Recordé esa anécdota hoy durante un momento en el que todos fuimos confrontados súbitamente con la pregunta sobre la muerte y en el que muchos nos preguntamos ¿por qué le tememos tanto?
¿Quién le tiene miedo a la muerte feroz, muy feroz?
La primera hipótesis que me viene a la mente es la siguiente: quizás todos seamos como aquella niña. Quizás la respuesta correcta a esta pregunta sea: nadie. Al menos no le teníamos hasta hace poco el miedo tan terrible que parece imperar hoy, luego de que la normalidad fuera renovada de modo imperativo. Desde siempre, convivimos de modo pacífico con la parca, la conocemos bien, de hecho, aún es parte de nuestra mitología y de nuestra vida cotidiana. Los retratos y fotografías en repisas y mesitas nos recuerdan que la muerte es parte de nuestra familia. Los monjes budistas recomiendan pensar en la muerte para aprender a vivir en el presente. ¿Qué fue entonces lo que cambió con la llegada de la Nueva Normalidad (NN)?
Lo que voy a argumentar aquí es que a pesar de que en la NN hay un temor ambiental evidente, y a pesar de que la muerte es la gran protagonista de los medios de comunicación, lo que aumentó durante este año y medio, no fue el miedo a la muerte. Voy a tratar de convencer al lector de que hay algo a lo que le tenemos mucho más miedo que a la muerte, algo que queremos evitar a toda costa, y que justifica la aceptación que recibieron los profundamente incómodos tapabocas, y recientemente las oscuras vacunas. Quizás luego de haber escuchado a la niña de la anécdota inicial, muchos lectores estén pensando lo mismo que yo. Quizás otros estén en desacuerdo.
Quienes están en desacuerdo es posible que estén pensando lo siguiente: ¿si no es por miedo a la muerte, por qué tantas personas llegan a hacer largas colas para solicitar que se les inyecte una sustancia que desconocen, sólo porque han escuchado decir a algunos médicos que les salvaría la vida?

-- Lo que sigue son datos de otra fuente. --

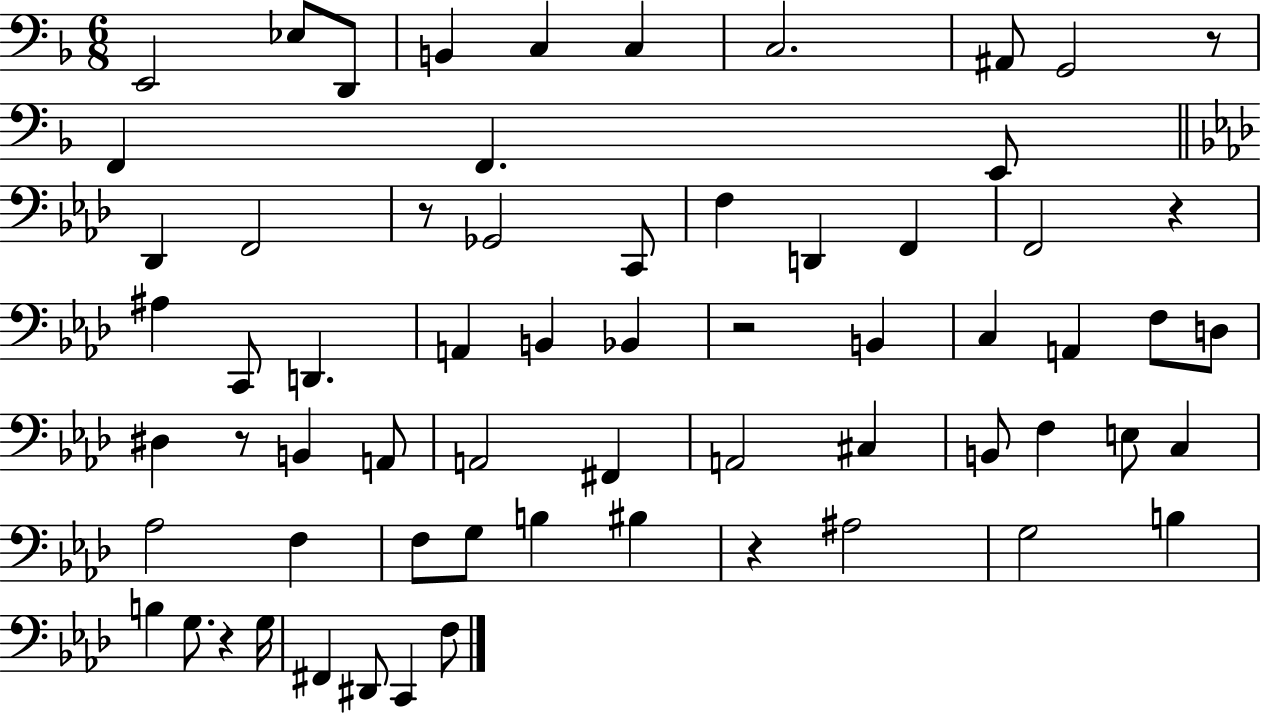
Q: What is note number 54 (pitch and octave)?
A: G3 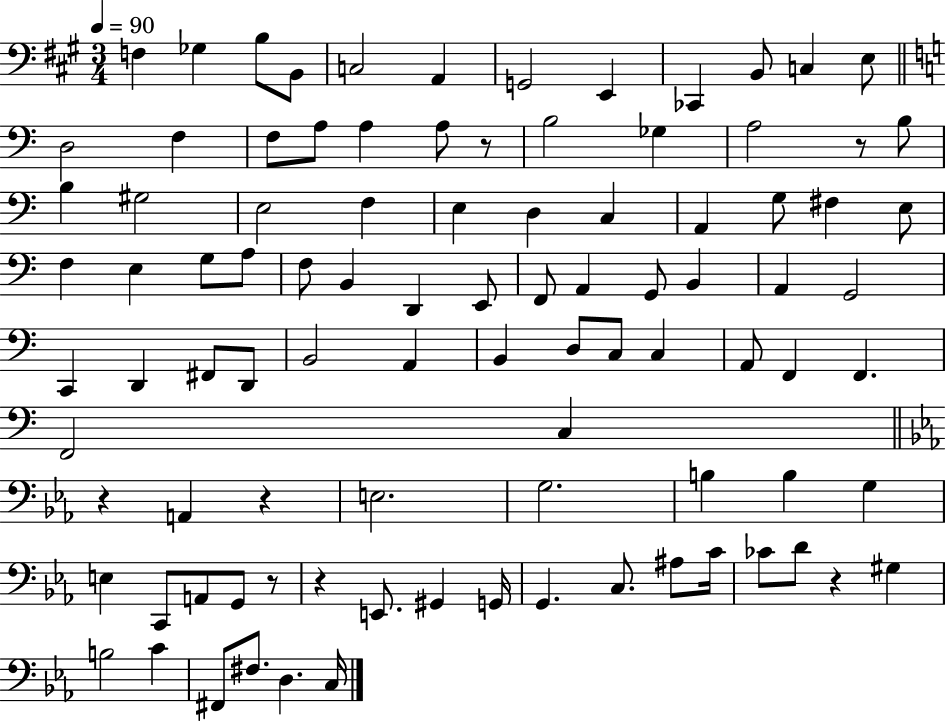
{
  \clef bass
  \numericTimeSignature
  \time 3/4
  \key a \major
  \tempo 4 = 90
  f4 ges4 b8 b,8 | c2 a,4 | g,2 e,4 | ces,4 b,8 c4 e8 | \break \bar "||" \break \key c \major d2 f4 | f8 a8 a4 a8 r8 | b2 ges4 | a2 r8 b8 | \break b4 gis2 | e2 f4 | e4 d4 c4 | a,4 g8 fis4 e8 | \break f4 e4 g8 a8 | f8 b,4 d,4 e,8 | f,8 a,4 g,8 b,4 | a,4 g,2 | \break c,4 d,4 fis,8 d,8 | b,2 a,4 | b,4 d8 c8 c4 | a,8 f,4 f,4. | \break f,2 c4 | \bar "||" \break \key c \minor r4 a,4 r4 | e2. | g2. | b4 b4 g4 | \break e4 c,8 a,8 g,8 r8 | r4 e,8. gis,4 g,16 | g,4. c8. ais8 c'16 | ces'8 d'8 r4 gis4 | \break b2 c'4 | fis,8 fis8. d4. c16 | \bar "|."
} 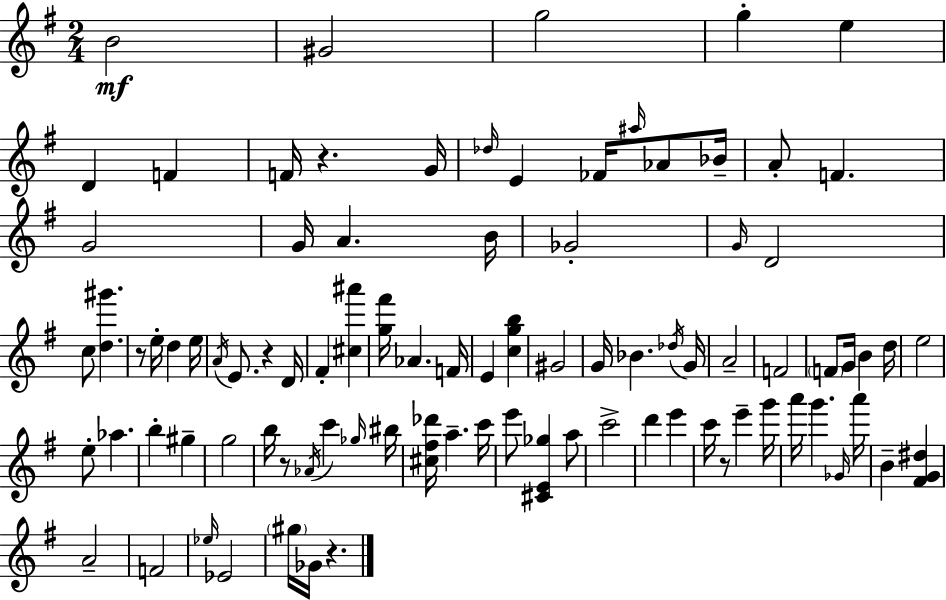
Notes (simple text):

B4/h G#4/h G5/h G5/q E5/q D4/q F4/q F4/s R/q. G4/s Db5/s E4/q FES4/s A#5/s Ab4/e Bb4/s A4/e F4/q. G4/h G4/s A4/q. B4/s Gb4/h G4/s D4/h C5/e [D5,G#6]/q. R/e E5/s D5/q E5/s A4/s E4/e. R/q D4/s F#4/q [C#5,A#6]/q [G5,F#6]/s Ab4/q. F4/s E4/q [C5,G5,B5]/q G#4/h G4/s Bb4/q. Db5/s G4/s A4/h F4/h F4/e G4/s B4/q D5/s E5/h E5/e Ab5/q. B5/q G#5/q G5/h B5/s R/e Ab4/s C6/q Gb5/s BIS5/s [C#5,F#5,Db6]/s A5/q. C6/s E6/e [C#4,E4,Gb5]/q A5/e C6/h D6/q E6/q C6/s R/e E6/q G6/s A6/s G6/q. Gb4/s A6/s B4/q [F#4,G4,D#5]/q A4/h F4/h Eb5/s Eb4/h G#5/s Gb4/s R/q.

Avanzado un año y medio de la llamada “pandemia”, muchas personas aceptan e incluso reclaman administrarse estas vacunas que todos sabemos son experimentales. Tales vacunas comenzaron a administrarse al inicio de marzo, a pesar de que las instituciones oficiales (MSP, GACH y Udelar) habían declarado a fines de febrero públicamente que se desconocía su seguridad a mediano y largo plazo. Lo único que se sabe con certeza es que no se sabe si podrán protegernos de la enfermedad, quizás mitigarla un poco, y eso solamente en los casos en que la persona inoculada sea joven, completamente sana y que no tenga comorbilidades. También fue anunciado que sus fabricantes no se responsabilizarían de posibles efectos adversos, y que en los prospectos estaba incluida entre ellos la muerte tan temida. Los médicos que tanto las recomiendan deslindan toda responsabilidad, y solicitan que ésta sea asumida por los legos, es decir, por nosotros mismos, justamente aquellos a quienes tantas veces negaron el derecho a opinar sobre un tema que requiere gran especialización. Ahora, quienes no nos hemos especializado, o el Estado Uruguayo, que tampoco tiene especialización en este tema, debemos asumir esa responsabilidad para la cual las autoridades tampoco están capacitadas. Y quienes sí están capacitados se liberan de toda responsabilidad en el momento previo a la inyección. Cuando la persona firma, acepta inmunizar jurídicamente de todo posible reclamo, en caso de un daño que pudiera ser causado por el producto, a los especialistas que recomendaron la vacuna con insistencia y no poca presión. Es difícil no concluir que la muerte no es tan temida.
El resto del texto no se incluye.